I am using a 90 degree off the turbo, a reducer from 3" to 2.5" off the throttle body, and then either two couplers, or two hump couplers off the intercooler.
also, should i do 2.5-2.5 or 2.5-3.0"
24v VR6 GT35/40R turbo, 11psi low boost
Any help would be tissight


----------



## nater (Apr 10, 2000)

What's your thought process on the hump connectors? More room for "flex"? 
I'm just curious...
As I've been thinking about getting all custom piping done as well and would wonder what would allow enough movement at the i/c since the motor moves a bit under accel.
Is that why you are asking?


----------



## Deuce34 (Sep 16, 2003)

*Re: (nater)*

if you have OEM motor mounts I would run at least two hump couplers on each side to absorb the engine sudden movements


----------



## Vdubsolo (Apr 11, 2004)

*Re: (Deuce34)*

the silicone hump connectors will have more flex http://****************.com/smile/emthup.gif


----------



## rhussjr (Aug 7, 2000)

*Re: (Vdubsolo)*

Use hump hoses where you can.
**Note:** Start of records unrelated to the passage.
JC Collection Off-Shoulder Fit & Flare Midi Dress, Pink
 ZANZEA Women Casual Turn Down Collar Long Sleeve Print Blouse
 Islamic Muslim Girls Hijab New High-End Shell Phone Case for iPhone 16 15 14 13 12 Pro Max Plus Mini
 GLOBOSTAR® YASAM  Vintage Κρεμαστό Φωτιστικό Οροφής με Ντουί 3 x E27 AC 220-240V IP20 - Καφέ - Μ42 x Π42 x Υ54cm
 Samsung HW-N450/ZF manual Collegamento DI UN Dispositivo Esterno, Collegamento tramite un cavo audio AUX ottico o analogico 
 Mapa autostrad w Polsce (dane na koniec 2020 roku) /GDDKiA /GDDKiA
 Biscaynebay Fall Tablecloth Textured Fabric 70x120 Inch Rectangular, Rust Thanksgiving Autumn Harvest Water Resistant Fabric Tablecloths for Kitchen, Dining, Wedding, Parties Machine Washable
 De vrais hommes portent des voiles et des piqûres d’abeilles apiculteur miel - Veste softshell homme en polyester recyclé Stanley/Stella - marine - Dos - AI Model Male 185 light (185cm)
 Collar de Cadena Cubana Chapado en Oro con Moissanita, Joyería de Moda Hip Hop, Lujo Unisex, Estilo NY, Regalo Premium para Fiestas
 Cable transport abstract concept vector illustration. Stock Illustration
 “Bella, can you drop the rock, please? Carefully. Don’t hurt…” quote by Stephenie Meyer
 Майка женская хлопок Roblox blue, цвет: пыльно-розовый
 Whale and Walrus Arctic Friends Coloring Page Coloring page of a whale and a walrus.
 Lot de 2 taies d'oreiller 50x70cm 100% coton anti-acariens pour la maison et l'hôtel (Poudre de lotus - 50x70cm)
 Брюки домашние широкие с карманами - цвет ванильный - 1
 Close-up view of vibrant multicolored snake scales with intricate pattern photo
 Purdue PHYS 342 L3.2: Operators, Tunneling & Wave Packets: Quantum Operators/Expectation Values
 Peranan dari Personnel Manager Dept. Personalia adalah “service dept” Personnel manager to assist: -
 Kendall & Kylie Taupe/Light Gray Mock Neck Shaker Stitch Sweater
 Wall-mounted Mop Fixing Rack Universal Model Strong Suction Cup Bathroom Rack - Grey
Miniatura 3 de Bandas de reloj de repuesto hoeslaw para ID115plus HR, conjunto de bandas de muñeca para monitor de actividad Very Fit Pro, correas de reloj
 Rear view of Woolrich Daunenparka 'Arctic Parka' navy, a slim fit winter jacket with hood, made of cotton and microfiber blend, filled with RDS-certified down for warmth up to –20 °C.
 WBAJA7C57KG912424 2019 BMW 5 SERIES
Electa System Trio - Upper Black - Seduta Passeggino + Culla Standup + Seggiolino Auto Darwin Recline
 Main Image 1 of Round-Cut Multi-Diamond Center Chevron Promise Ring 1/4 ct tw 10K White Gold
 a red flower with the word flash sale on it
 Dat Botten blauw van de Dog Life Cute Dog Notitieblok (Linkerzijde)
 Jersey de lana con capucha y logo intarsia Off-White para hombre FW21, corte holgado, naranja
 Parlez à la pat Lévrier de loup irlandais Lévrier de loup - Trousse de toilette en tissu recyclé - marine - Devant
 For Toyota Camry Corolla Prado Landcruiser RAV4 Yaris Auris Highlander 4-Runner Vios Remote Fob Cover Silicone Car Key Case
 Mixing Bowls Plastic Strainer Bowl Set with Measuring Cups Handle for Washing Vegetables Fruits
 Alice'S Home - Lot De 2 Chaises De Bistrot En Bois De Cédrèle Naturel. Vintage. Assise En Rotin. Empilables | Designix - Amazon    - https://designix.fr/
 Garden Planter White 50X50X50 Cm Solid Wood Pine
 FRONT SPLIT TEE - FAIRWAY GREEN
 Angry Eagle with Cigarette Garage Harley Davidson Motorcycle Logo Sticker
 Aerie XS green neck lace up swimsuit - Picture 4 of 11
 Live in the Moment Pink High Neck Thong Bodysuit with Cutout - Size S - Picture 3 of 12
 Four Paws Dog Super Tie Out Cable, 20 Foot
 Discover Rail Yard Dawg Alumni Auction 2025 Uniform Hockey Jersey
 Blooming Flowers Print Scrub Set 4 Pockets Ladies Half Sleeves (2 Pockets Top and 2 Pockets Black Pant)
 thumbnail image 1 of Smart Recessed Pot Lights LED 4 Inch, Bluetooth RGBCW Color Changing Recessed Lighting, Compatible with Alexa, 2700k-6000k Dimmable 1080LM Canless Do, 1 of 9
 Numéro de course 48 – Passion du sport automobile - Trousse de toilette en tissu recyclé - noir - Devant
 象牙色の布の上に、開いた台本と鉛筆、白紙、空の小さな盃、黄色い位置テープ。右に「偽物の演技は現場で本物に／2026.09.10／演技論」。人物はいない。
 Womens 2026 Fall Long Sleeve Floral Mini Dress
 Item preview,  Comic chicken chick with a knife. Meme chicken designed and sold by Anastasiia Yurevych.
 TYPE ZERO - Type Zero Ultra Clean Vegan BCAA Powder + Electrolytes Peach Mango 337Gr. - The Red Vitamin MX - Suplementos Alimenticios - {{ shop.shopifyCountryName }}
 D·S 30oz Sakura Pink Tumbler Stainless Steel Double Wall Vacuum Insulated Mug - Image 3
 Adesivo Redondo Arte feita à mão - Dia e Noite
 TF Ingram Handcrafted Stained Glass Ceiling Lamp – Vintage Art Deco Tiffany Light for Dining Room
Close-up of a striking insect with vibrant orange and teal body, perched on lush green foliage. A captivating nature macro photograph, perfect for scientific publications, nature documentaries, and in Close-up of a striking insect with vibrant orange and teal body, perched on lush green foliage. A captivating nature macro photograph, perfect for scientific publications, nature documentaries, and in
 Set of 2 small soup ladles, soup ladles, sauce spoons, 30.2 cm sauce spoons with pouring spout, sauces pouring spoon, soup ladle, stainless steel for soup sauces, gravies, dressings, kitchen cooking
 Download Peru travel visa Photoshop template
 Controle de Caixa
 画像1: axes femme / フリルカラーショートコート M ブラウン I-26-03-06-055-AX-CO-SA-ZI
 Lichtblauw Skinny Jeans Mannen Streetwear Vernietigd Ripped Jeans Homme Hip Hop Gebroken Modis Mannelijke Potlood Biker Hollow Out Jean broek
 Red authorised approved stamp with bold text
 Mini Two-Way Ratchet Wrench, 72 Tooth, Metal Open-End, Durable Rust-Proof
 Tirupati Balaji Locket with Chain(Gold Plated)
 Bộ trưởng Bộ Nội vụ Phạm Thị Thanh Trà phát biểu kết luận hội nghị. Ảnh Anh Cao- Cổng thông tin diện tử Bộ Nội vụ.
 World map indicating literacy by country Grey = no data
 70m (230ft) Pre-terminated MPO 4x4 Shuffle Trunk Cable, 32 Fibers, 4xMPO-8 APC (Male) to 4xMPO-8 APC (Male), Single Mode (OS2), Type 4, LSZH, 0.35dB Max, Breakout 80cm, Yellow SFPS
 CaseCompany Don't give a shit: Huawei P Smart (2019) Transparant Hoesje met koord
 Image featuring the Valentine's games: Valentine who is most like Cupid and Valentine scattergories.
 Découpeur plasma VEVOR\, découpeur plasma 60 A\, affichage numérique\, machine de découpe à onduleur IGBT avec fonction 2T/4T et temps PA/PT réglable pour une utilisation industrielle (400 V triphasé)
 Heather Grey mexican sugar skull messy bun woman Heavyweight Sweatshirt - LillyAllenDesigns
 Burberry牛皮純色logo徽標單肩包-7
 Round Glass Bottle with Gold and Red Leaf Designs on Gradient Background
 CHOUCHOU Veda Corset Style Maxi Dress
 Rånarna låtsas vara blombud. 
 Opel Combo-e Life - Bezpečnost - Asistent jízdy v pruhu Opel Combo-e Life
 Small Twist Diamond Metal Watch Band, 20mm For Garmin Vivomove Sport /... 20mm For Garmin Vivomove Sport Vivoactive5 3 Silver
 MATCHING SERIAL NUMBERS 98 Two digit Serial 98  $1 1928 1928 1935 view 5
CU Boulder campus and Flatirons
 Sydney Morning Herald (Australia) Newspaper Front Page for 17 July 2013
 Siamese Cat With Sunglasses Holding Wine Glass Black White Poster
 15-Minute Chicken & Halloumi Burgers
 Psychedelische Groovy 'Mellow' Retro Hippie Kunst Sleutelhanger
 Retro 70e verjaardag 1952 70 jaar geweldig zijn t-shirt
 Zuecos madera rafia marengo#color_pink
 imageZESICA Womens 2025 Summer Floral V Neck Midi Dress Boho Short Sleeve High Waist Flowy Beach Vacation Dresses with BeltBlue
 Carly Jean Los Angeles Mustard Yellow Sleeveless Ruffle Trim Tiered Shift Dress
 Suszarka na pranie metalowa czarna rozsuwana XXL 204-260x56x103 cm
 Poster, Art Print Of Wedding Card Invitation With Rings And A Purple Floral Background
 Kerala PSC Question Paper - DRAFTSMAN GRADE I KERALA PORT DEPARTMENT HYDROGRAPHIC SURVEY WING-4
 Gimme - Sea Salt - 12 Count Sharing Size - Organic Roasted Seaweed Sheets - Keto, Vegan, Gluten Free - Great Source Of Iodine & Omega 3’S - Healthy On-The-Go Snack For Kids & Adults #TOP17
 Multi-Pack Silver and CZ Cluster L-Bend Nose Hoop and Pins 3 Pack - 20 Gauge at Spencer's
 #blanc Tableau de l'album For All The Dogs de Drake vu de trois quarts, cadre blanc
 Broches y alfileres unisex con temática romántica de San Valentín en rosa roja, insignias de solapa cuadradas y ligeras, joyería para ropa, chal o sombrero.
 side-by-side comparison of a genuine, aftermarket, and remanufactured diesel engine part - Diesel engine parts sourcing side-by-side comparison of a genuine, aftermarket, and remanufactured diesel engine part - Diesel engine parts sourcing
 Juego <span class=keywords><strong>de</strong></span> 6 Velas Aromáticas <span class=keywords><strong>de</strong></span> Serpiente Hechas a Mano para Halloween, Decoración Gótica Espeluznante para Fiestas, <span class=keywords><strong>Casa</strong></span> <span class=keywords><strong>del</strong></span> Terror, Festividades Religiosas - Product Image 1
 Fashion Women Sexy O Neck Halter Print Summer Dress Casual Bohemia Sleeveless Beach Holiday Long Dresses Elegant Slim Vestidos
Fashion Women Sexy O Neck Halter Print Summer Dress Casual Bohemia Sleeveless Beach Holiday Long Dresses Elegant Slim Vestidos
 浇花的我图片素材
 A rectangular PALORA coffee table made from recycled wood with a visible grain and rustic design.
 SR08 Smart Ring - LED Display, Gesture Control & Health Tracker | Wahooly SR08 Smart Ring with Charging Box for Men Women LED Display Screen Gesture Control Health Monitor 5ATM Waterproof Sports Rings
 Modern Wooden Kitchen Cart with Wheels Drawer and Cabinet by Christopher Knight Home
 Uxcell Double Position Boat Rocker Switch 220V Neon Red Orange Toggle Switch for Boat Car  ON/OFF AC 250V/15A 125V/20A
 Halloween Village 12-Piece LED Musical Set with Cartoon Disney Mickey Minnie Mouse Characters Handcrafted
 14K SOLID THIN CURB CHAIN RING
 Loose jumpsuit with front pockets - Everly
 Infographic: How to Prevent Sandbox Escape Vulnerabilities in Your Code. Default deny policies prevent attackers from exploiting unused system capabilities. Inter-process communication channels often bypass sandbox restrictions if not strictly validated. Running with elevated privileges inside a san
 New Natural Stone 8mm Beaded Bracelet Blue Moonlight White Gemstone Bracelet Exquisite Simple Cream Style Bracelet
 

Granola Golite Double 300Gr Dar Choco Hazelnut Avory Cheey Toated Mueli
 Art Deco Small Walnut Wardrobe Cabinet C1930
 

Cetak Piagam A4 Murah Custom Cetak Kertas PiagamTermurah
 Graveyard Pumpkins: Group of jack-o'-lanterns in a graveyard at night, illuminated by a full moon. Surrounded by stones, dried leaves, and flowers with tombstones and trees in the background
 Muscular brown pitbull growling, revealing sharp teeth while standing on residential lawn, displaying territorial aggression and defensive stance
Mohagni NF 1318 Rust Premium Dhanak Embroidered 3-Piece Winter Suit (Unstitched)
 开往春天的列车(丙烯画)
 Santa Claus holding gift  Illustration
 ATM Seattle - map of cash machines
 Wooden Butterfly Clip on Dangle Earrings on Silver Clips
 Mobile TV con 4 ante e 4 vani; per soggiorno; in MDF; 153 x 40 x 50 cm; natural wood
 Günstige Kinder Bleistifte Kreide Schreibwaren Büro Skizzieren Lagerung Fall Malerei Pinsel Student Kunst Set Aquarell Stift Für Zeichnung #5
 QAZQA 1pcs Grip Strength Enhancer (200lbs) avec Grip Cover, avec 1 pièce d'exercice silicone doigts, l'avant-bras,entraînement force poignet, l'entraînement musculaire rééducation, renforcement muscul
I have one at the turbo and there will be one at the end just before the pipe runs through the body.


----------



## .SLEEPYDUB. (Jul 28, 2005)

*Re: Hump hose, or regular coupler? (VR6JettaGLI)*

ok, but, if you use a hump hose, will it increase drag inside the piping? Since it is humped and can allow air to move inside the hump? What about piping size? 2.5-2.5? or 2.5-3.0?


----------



## rhussjr (Aug 7, 2000)

*Re: Hump hose, or regular coupler? (VR6JettaGLI)*

I wouldn't worry about drag. I would run whatever size your outlet of the turbo is (if it is 2.5, run 2.5) and whatever your intercooler outlet is, do the same. On 2008cc's Corrado that he had, we did 3" throughout, but he had the room to do it and the turbo to support it (PT74 pushing 30 psi's and 617 hp to the wheels).


----------